I am interested in some elaboration. I basically used Monte Carlo to tune the "acceptance" and "rejection" functions. We generally don't expect any single change to be very significant and I would expect about 95% of our changes to fall within 4 ELO in either direction.AlvaroBegue wrote:Here's how I see the problem. Start with a prior distribution of the ELO difference for a proposed change to the engine (people with a lot of experience in automated testing may have a good idea of what this distribution should be).
A testing procedure with early stopping can be described as two function: An acceptance function A(n) which indicates how many points you need to have after n games to accept the change, and a rejection function R(n) which indicates how many points you need to have after n games to reject the change.
Once you have these two ingredients (prior distribution and testing procedure), you can compute an average ELO improvement per game played (a tiny number). If anyone wants some details of how this could be done, I can try to explain it in some detail.
Now that we know what we are maximizing, some sort of optimization algorithm would let us design the optimal testing procedure.
When I ran the sim, I was basically just trying to minimize the number of zero ELO changes I would accept, knowing that a percentage of those would be even weaker. I really want to get 1 ELO regressions down to close to zero - which means I must reject a lot 1 ELO improvements.

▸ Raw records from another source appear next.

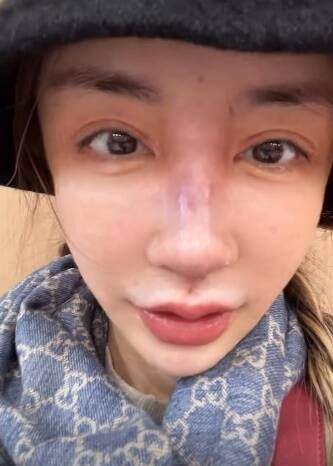 雪碧大方公開整鼻。（翻攝自雪碧IG）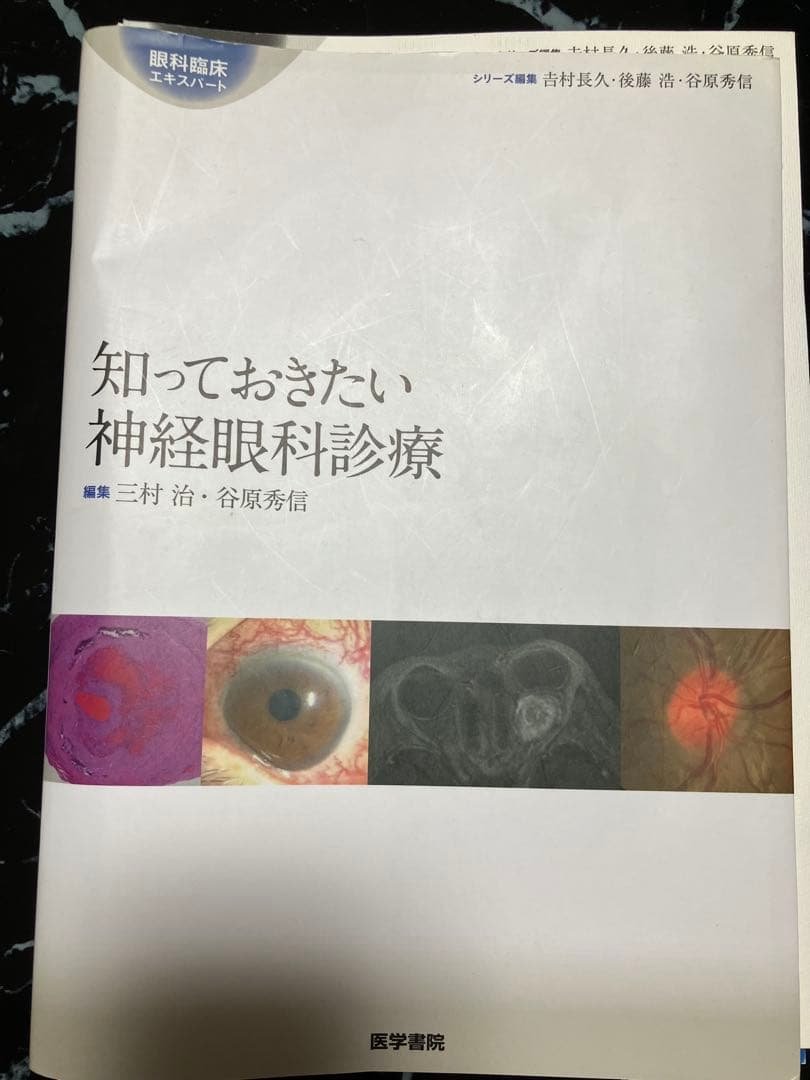 (裁断済み)知っておきたい神経眼科診療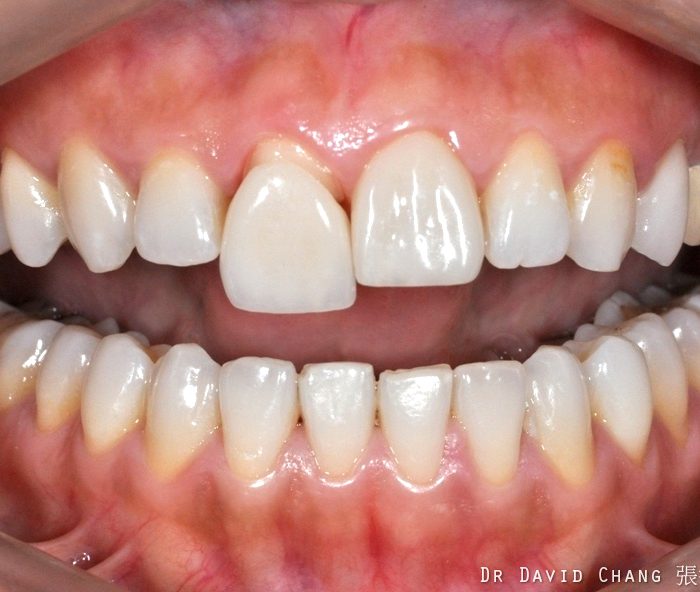 牙根美白 案例4 - 全方位牙齒美學權威 張智洋醫師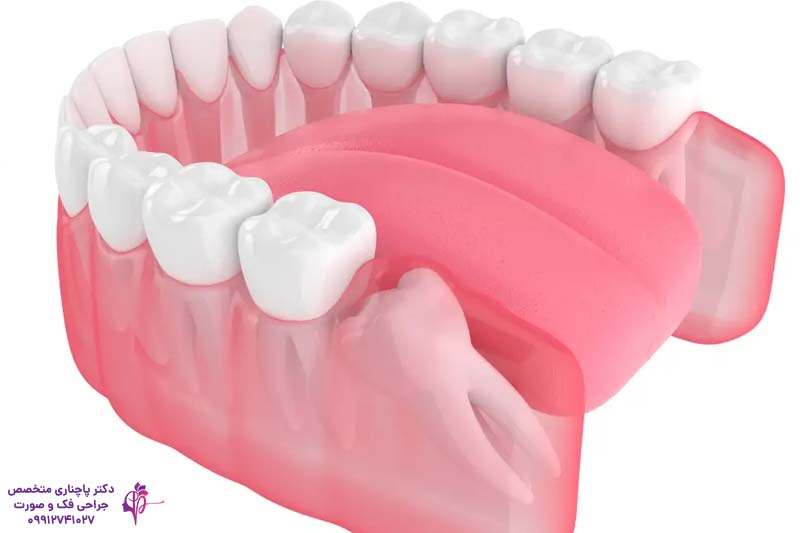 کشیدن دندان عقل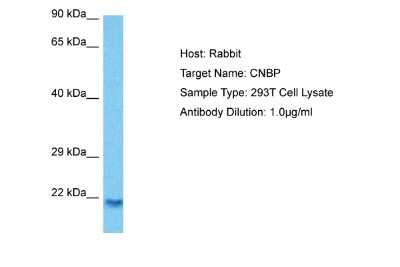 Western Blot: CNBP Antibody [NBP2-87197]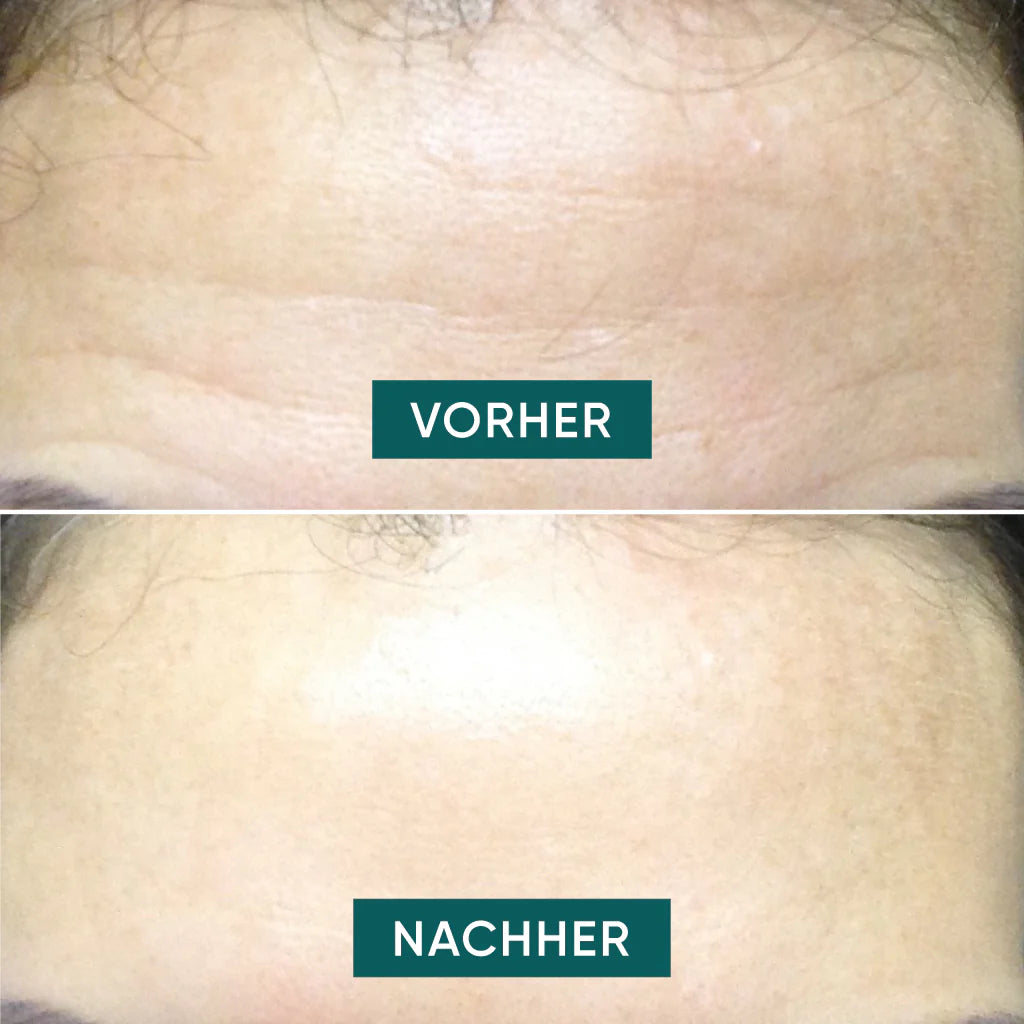 APRICOT I Stirn Pad "fantastic forehead" mit Hyaluron - 30 Behandlungen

This has to be tuned or matched against some expectation of the ratio of changes we actually submit to the tester. For example if we submit 100 changes to the tester and 80 of them are 1/2 ELO regressions, we will probably accept enough of them to continually regress the program. How do you deal with that? One idea is to be very stubborn and have a really high acceptance criteria. Another dea is to classify changes that we submit (which I think you are suggesting here.) If an idea is "solid", it reflects our prior believe that it is likely to be a good change (or at least not likely to be damaging). It could be minor speedup but with very little risk. A more speculative change would require a much stricter acceptance criteria.